The shelf life of a model, similar to the update schedule itself, can be dependent on time only or a combination of other metrics or factors. For example, it could be that when the underlying data distribution looks X% different, then the model should be evaluated on Y criteria for whether it is still valid.


Completing all these steps of documenting an update process can be incredibly valuable both for people who will use the model and for the people building the model. For people using the model, they get more reliability and can better plan around the model based on update processes. For the people building the model, planning ahead for the update process can encourage an intentional approach and schedule up front. It also may encourage more precaution if the model developers have to document changes later, in the tradeoff between speed of progress and a precautionary principle.

There may be liability or timeline risks with thoroughly documenting the update process if the team misses deadlines or is locked into deadlines. One way to mitigate these risks would be to build in criteria/metric gates for updates rather than a hard timeline. For example, the update process might begin when X metric reaches Y level or one year from the publication date, whichever is earlier. Building in sufficient time to do the update is also important because some updates are simple but others can take a long time if they are larger updates. Explorations related to the following research questions could uncover insights into barriers to implementation along with mitigation strategies to overcome those barriers.

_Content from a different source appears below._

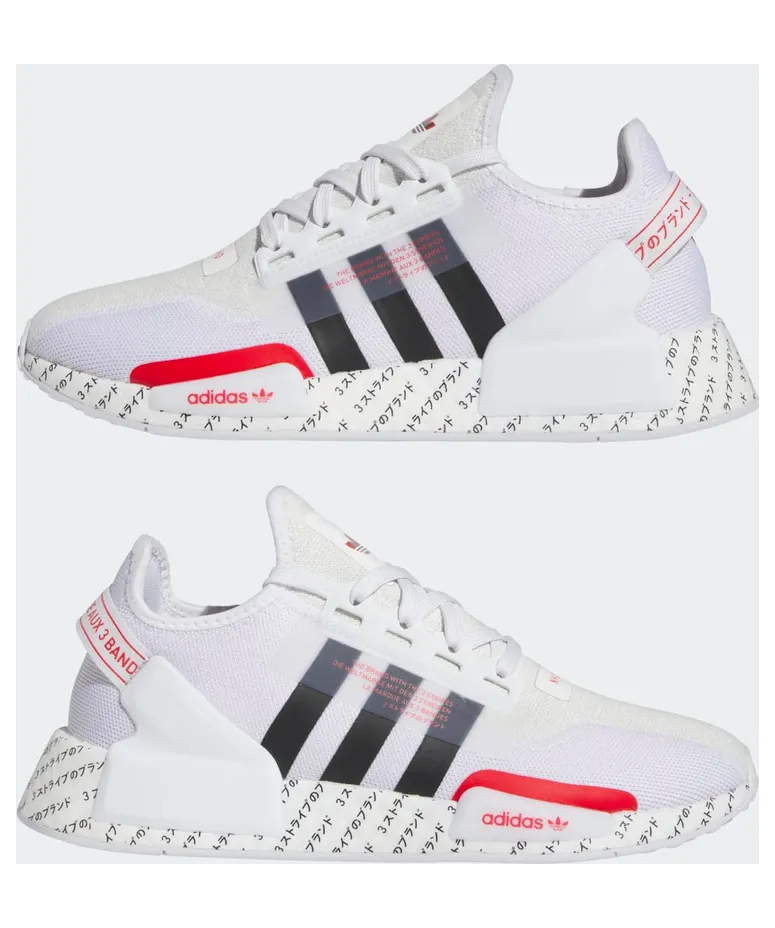 adidas-nmd ID2853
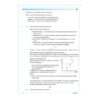 Engineering Economics & Accountancy | PYQ Solutions | 3rd Sem-Polytechnic Assam - Image 3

Sample Documentation Questions

  • Does the service implement and perform any bias detection and remediation? (Arnold et al. 2018)
  • When were the models last updated? (Arnold et al. 2018)

Promising Interventions

Those attempting documentation practices within any phase of the machine learning lifecycle can consider potential misuse by paying particular attention to:

  1. Determining the auditing method
  2. Archiving the old model (versioning for safety and recovery)